**EXERCISE GOAL:**
The lines from the one containing "Green BoutiQ - Green" through the last one in the data: please copy those exactly, and only those, without the pictures.

Short text fragments from websites
• • • • •

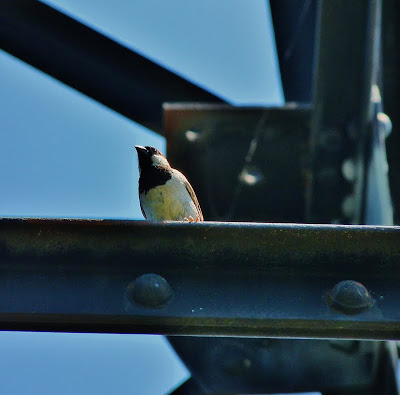Sparrow on the Steel
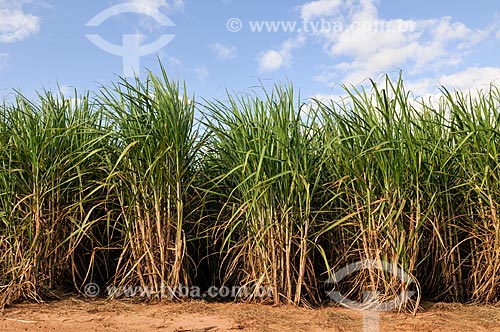  Sugarcane plantation  - Jose Bonifacio city - Sao Paulo state (SP) - Brazil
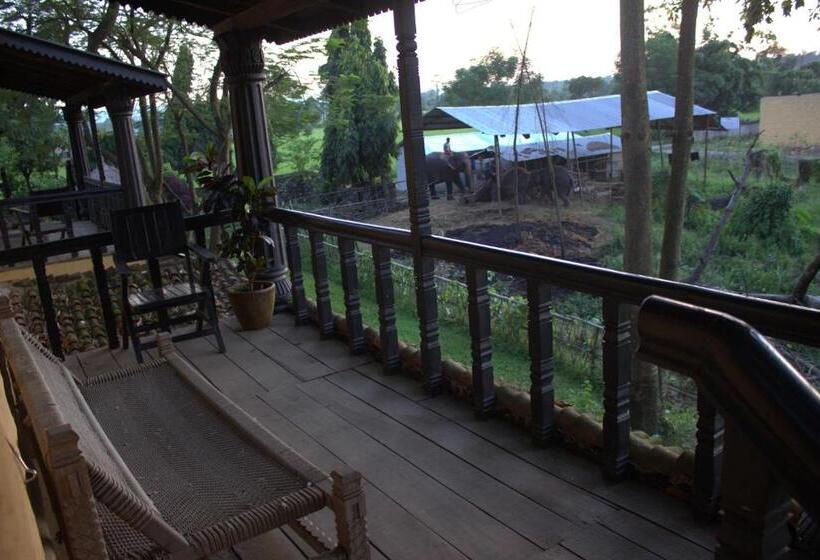 اتاق لوکس یک تخته, Sapana Village Lodge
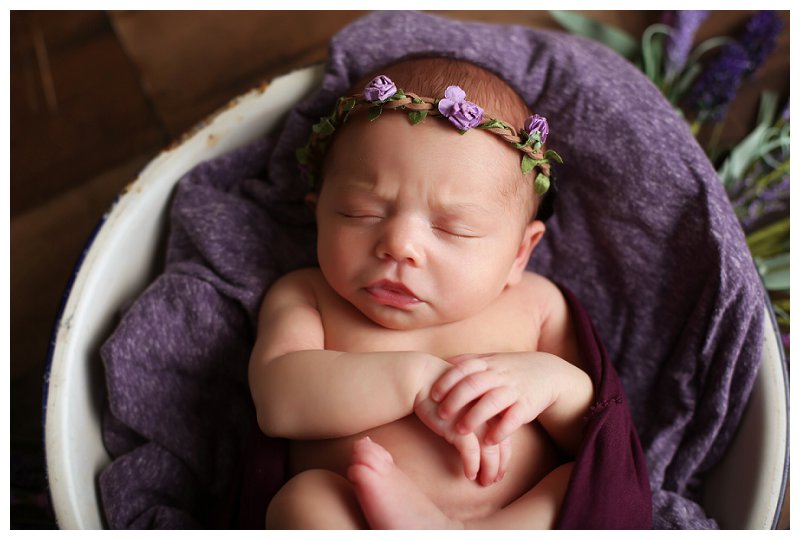 Annapolis Newborn Photographer 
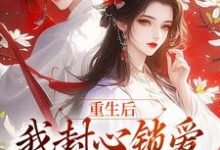 主角叫萧煜苏婉宁小说重生后，我封心锁爱，皇帝请离开免费阅读-够力荐小说推荐网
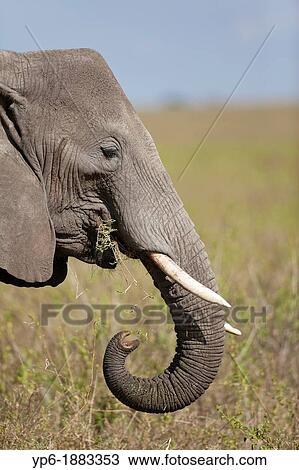 feeding African Elephant Loxodonta africana, Serengeti National Park, Tanzania View Large Photo Image Stock Image - feeding African Elephant Loxodonta africana, Serengeti National Park, Tanzania. Fotosearch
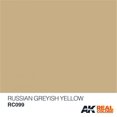thumbnail image 2 of AK Interactive AFV RC099 Russian Greyish Yellow 10ml Acrylic Hobby Paint, 2 of 2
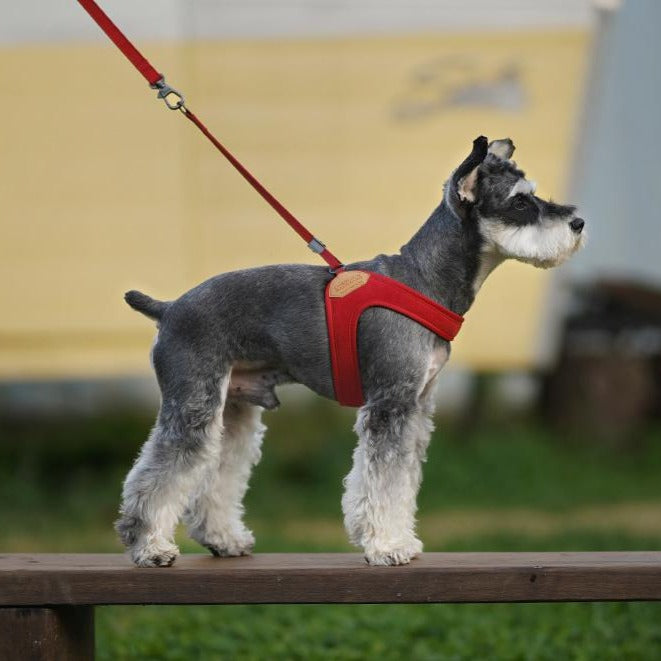 Charlie's backyard easy harness hotsell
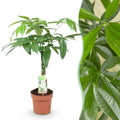 Green BoutiQ - Green is... Kamerplanten - Pachira Aquatica gevlochten stam - Geldboom - Weinig onderhoud - Groen - 1 Plant - Pot 17cm - Hoogte 60-70cm
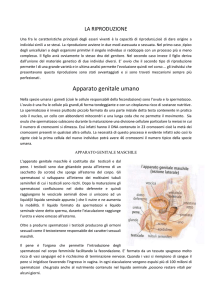 riproduzione - ricerche del corso C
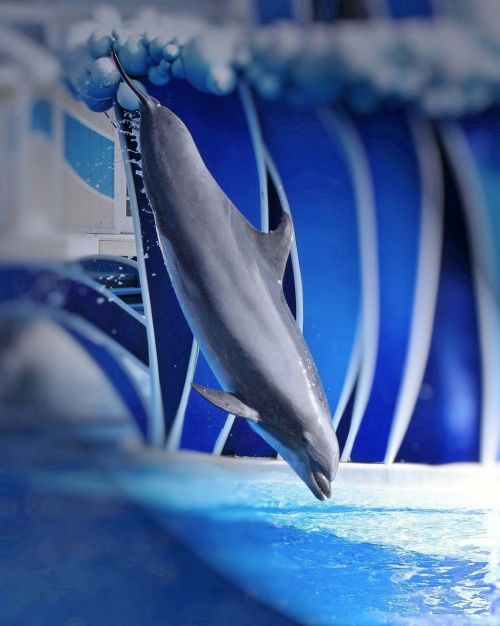 dolphin show perform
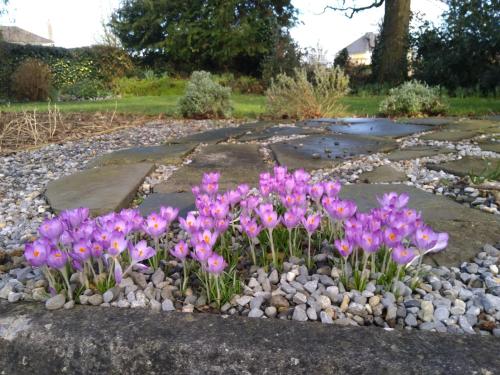 a bunch of purple flowers in a rock garden at Twin Oaks Bed & Breakfast in Kilkenny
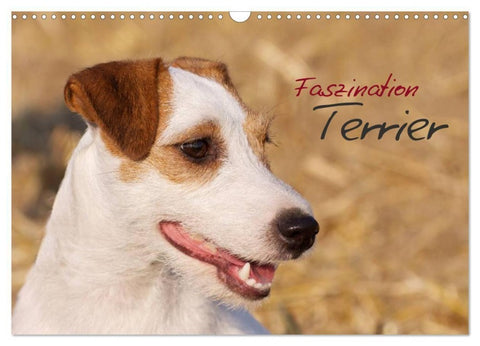 Faszination Terrier (Wandkalender 2027 DIN A3 quer), CALVENDO Monatskalender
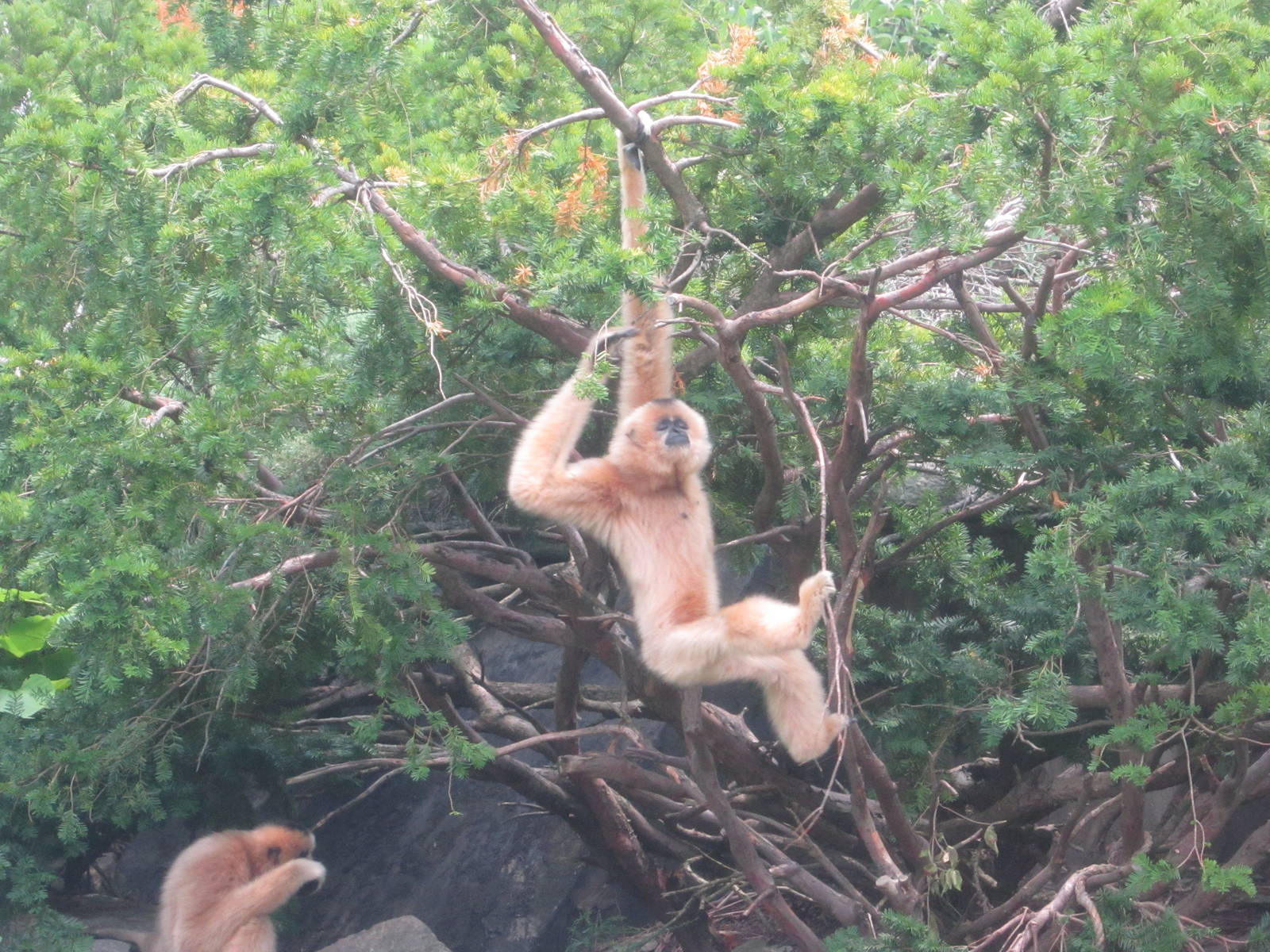 Jul. 2012-Buff-cheeked Gibbons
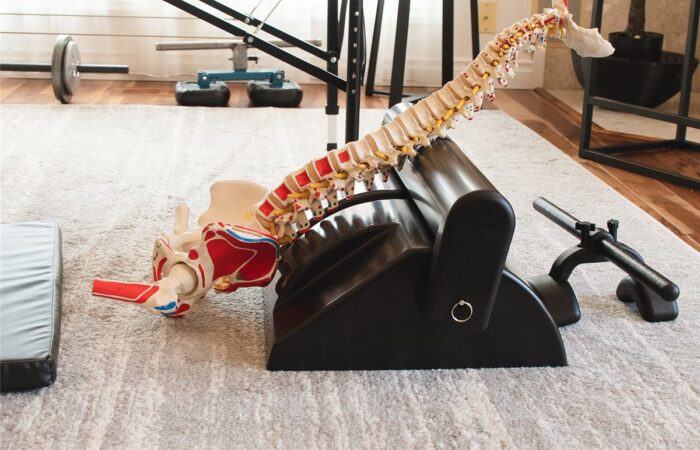Eileen Durfee patented spinal fitness equipment with spine model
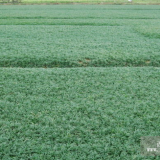 求購玉龍草供應(yīng) 馬尼拉草皮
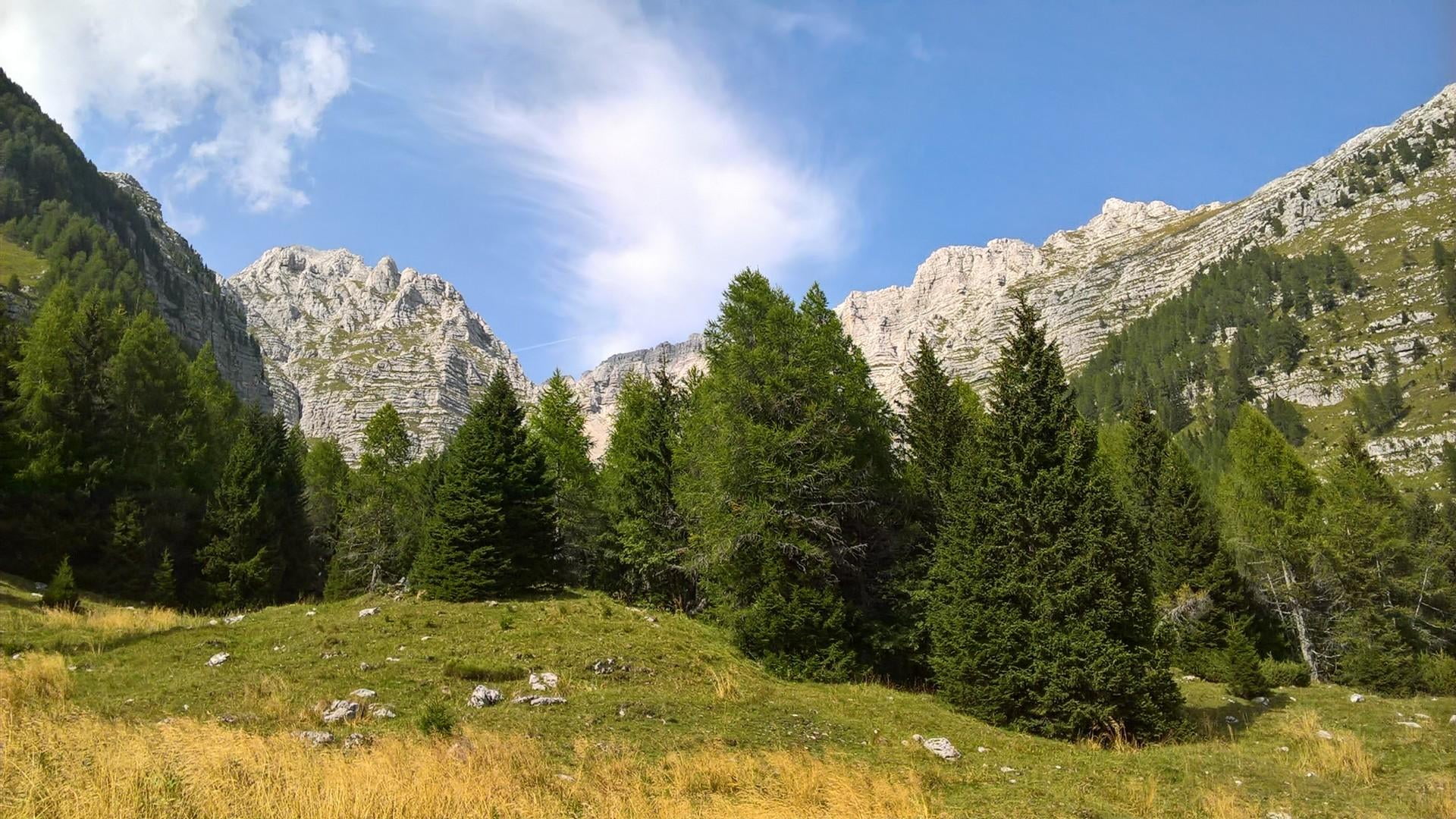 coniferous tree, environment, no people, leaf, field, alps, friuli, plant, cloud, tree, wilderness, grass, day, non-urban scene, woodland, nature, pine tree, HD Wallpaper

• • • • •

**EXERCISE OUTPUT:**
 Green BoutiQ - Green is... Kamerplanten - Pachira Aquatica gevlochten stam - Geldboom - Weinig onderhoud - Groen - 1 Plant - Pot 17cm - Hoogte 60-70cm
 riproduzione - ricerche del corso C
 dolphin show perform
 a bunch of purple flowers in a rock garden at Twin Oaks Bed & Breakfast in Kilkenny
 Faszination Terrier (Wandkalender 2027 DIN A3 quer), CALVENDO Monatskalender
 Jul. 2012-Buff-cheeked Gibbons
Eileen Durfee patented spinal fitness equipment with spine model
 求購玉龍草供應(yīng) 馬尼拉草皮
 coniferous tree, environment, no people, leaf, field, alps, friuli, plant, cloud, tree, wilderness, grass, day, non-urban scene, woodland, nature, pine tree, HD Wallpaper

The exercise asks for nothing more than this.